Date: 12 Sep 2007
Speaker: Commonwealth Secretary-General Don McKinnon
Location: Brussels, Belgium
Good morning ladies and gentlemen. It is truly a great honour to be the first Commonwealth Secretary-General to address the Foreign Affairs Committee in the European Parliament.
I warmly thank your Chairman, Mr Saryusz-Wolski, and one of your members, Mr van Orden, for making today possible.
I also thank Mr Kasoulidis, who heads a small and informal Committee on Commonwealth Affairs within the European Parliament.
That group of 20-or-so MEPs plays a very important role in strengthening the links and the understanding between our two organizations.
I stand here as Secretary-General of the Commonwealth, but I am more besides.
Above all, I am a democrat and a parliamentarian.
I have been privileged to carry out many roles in public service, but none was more important to me than being, for over 20 years, a Member of Parliament in my home country of New Zealand.
That is why I feel at home today amongst fellow Parliamentarians.
In two weeks time, I shall be making my 7th and final address to the Commonwealth Parliamentary Association’s annual conference in New Delhi – a body of 16,000 Parliamentarians in our 53 Commonwealth countries.
Parliaments are our Commonwealth lifeblood.

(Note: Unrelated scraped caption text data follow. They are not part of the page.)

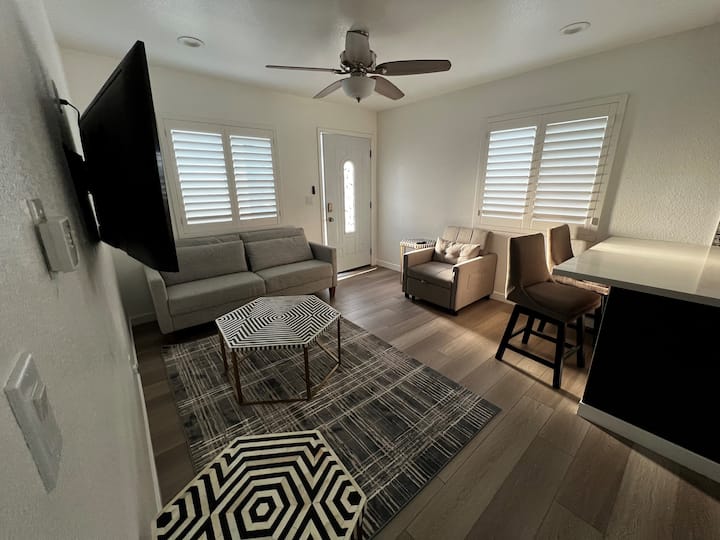 Guest House Near Colleges & Hospital - Claremont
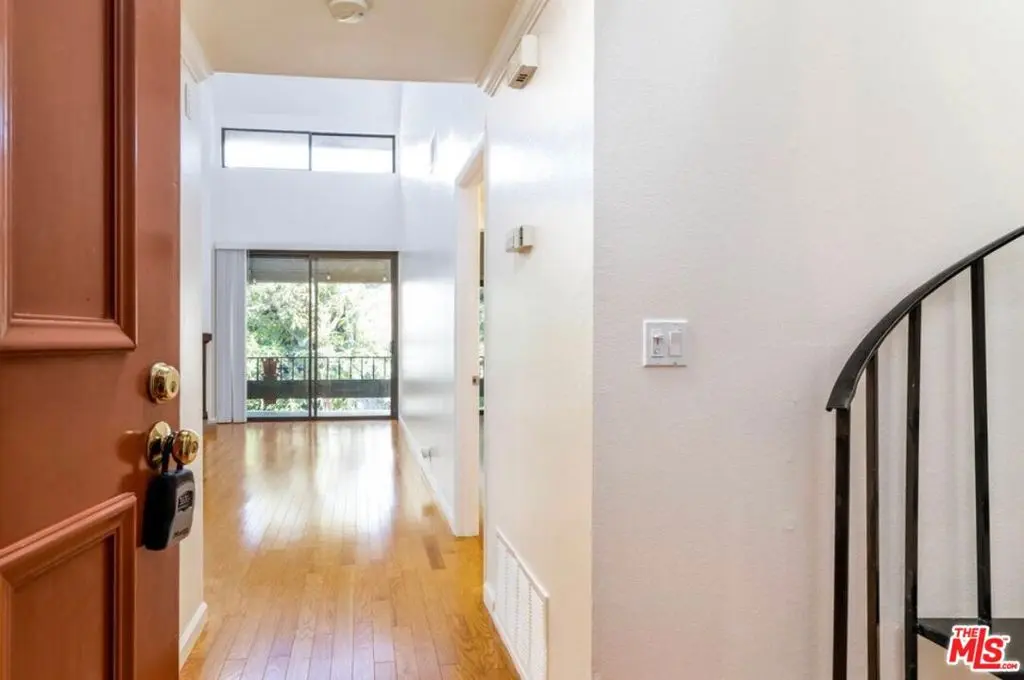 8675 Falmouth Avenue 315, Los Angeles, CA — listing photo 1
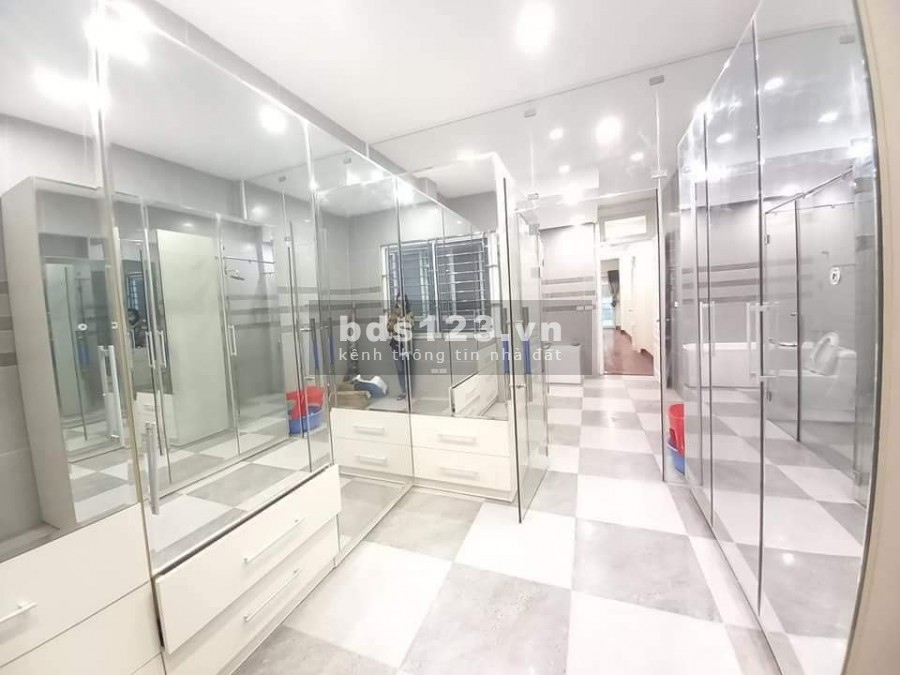 Bán Nhà Phố Láng Hạ 56M- 5 Tầng giá 10.8 Tỷ trung tâm Đống Đa phân lô ô tô kinh doanh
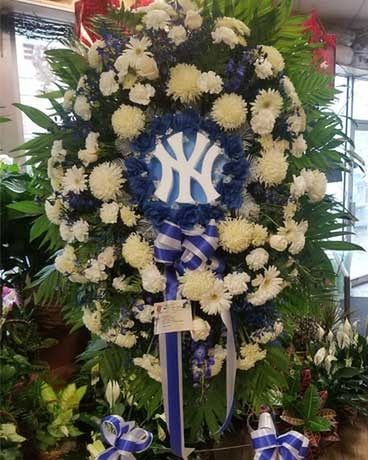 Yankees Standing Spray Flower Arrangement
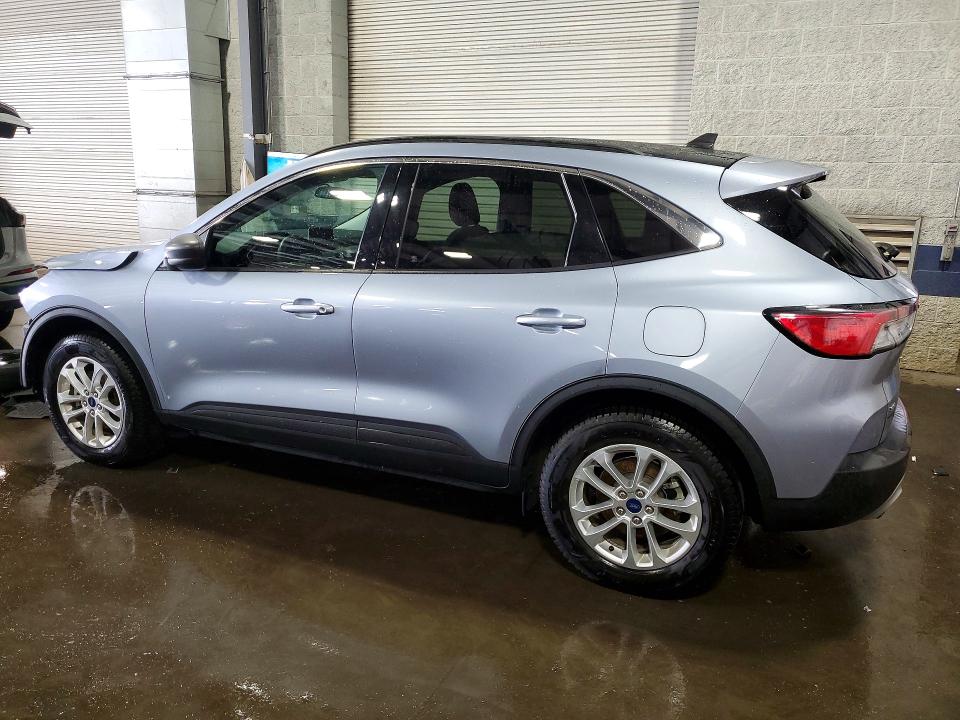 Photo 2 from auction – 2022 FORD ESCAPE with VIN 1FMCU9G69NUA82662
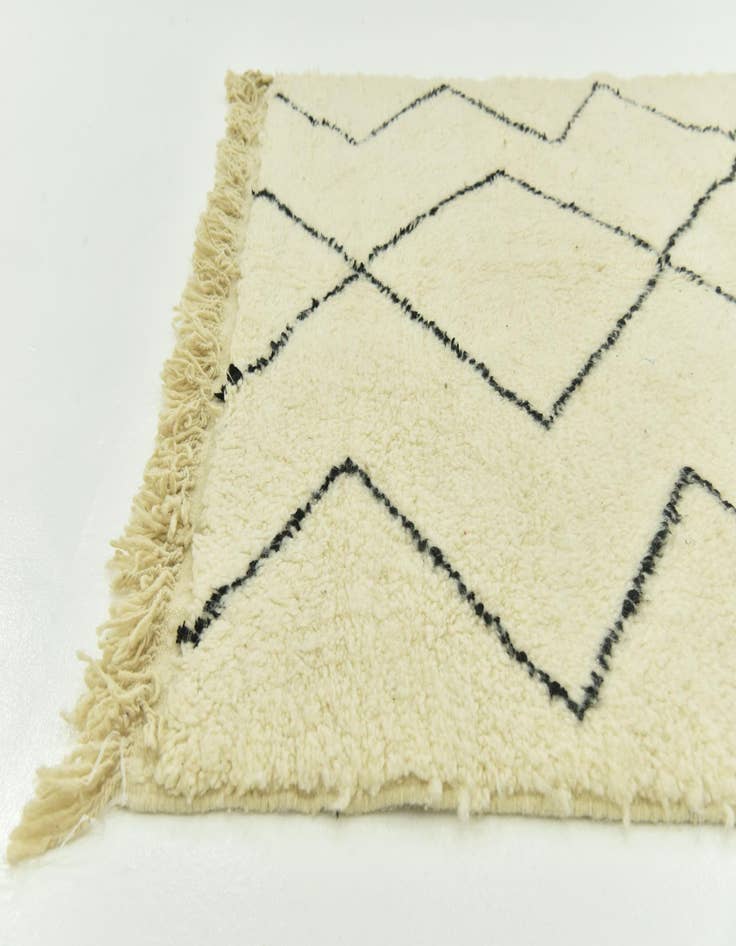 Detail image of 5' 1 x 7' 7  Hand Knotted Moroccan Wool Rug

Some of you may be familiar with the Commonwealth’s ‘Latimer House Principles’, that define and differentiate the roles of the three branches of Government: the legislature, the executive and the judiciary.
If the official tasks of the national legislature are to make laws and to make money available … then its unofficial tasks are not to be marginalized by the executive it has created, nor to be muzzled by the judiciary.

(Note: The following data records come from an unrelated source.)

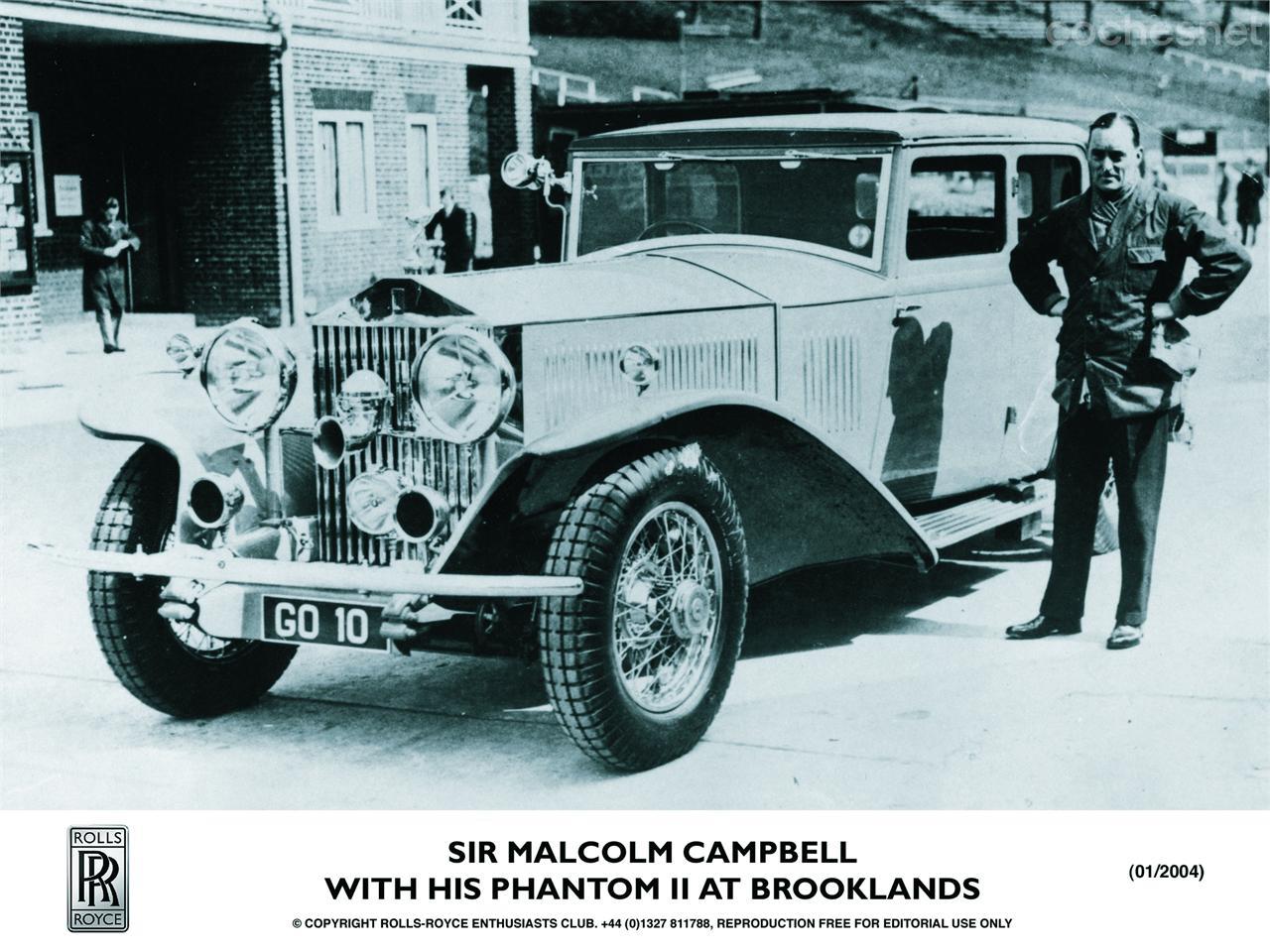 Sir Malcolm Campbell junto a su Rolls-Royce Phantom II en el mítico circuito de Brooklands.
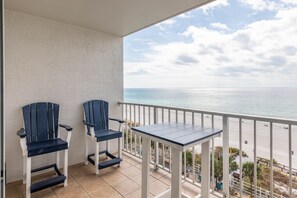 Property grounds - Summit 8th floor sleeps 5 ***FREE BEACH CHAIRS*** (Panama City Beach)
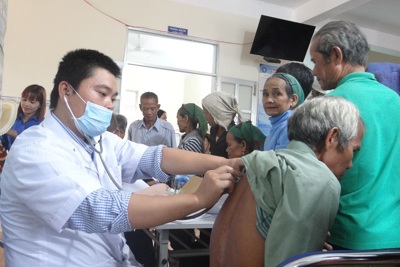 Siết quản lý chi khám chữa bệnh bảo hiểm y tế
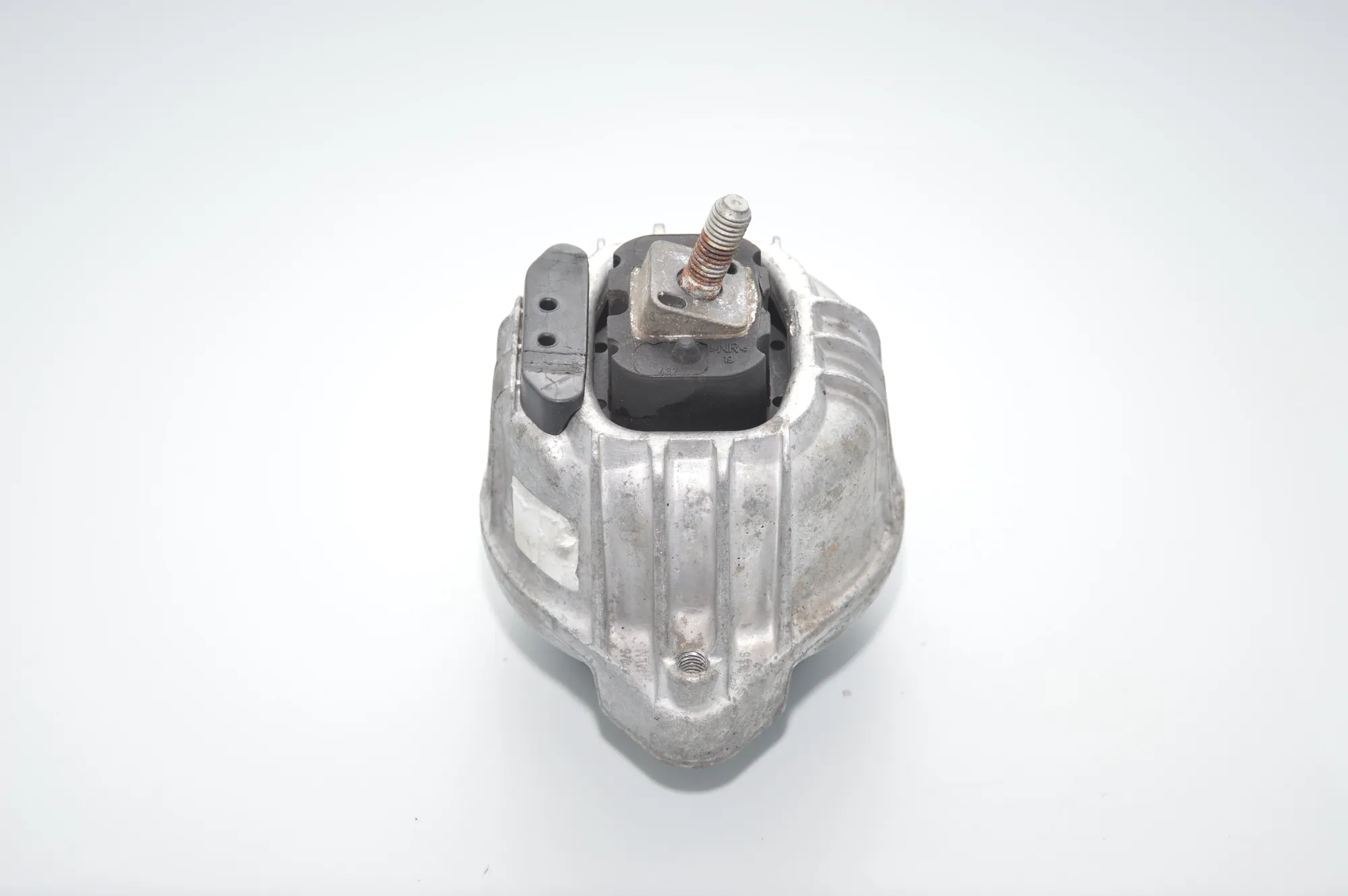Right Side Engine Mount – OEM 13981112 · BMW 1 (E87) 120 d 2010 – 3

I know that you, too, in the supra-national legislature that is the European Parliament, are exercised by the same debates as to where representation and power lie, with more power potentially coming your way under the Reform Treaty.
Wherever I go, I share the message of just, fair, efficient, transparent government – based on representative Parliaments – that betters peoples’ lives.

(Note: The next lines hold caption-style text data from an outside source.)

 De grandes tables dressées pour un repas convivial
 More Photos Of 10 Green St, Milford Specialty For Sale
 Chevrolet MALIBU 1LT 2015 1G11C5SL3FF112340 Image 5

And that is why the Commonwealth meets the European Union today.
In fact, we meet every day in our overlapping membership.
Cyprus, Malta and the United Kingdom belong to both the Commonwealth and the European Union.
Indeed, Malta has a high profile as our current ‘Chair-in-Office’.
My simple message today is that we two families of nations share the same values, and we are partners not just in principle, but in practice.
Now, I accept that we may look different from the outside.
You the European Union, with 27 countries and nearly half-a-billion people on one continent ….
We the Commonwealth, with 53 countries and just under two billion people, on five continents, and in three oceans.
You, with a huge executive and institutional machinery…
We, with a Secretariat of 300 people…
You, as a fairly uniform economic powerhouse…
We, as home to some of the world’s largest economies, its fastest growing economies, as well as to some of its poorest economies ….
From richest to poorest, from UK to Sierra Leone; from largest to smallest, from billion-strong India to the 10,000 people on the Pacific Island of Tuvalu.
Us both, as organizations based on stated values …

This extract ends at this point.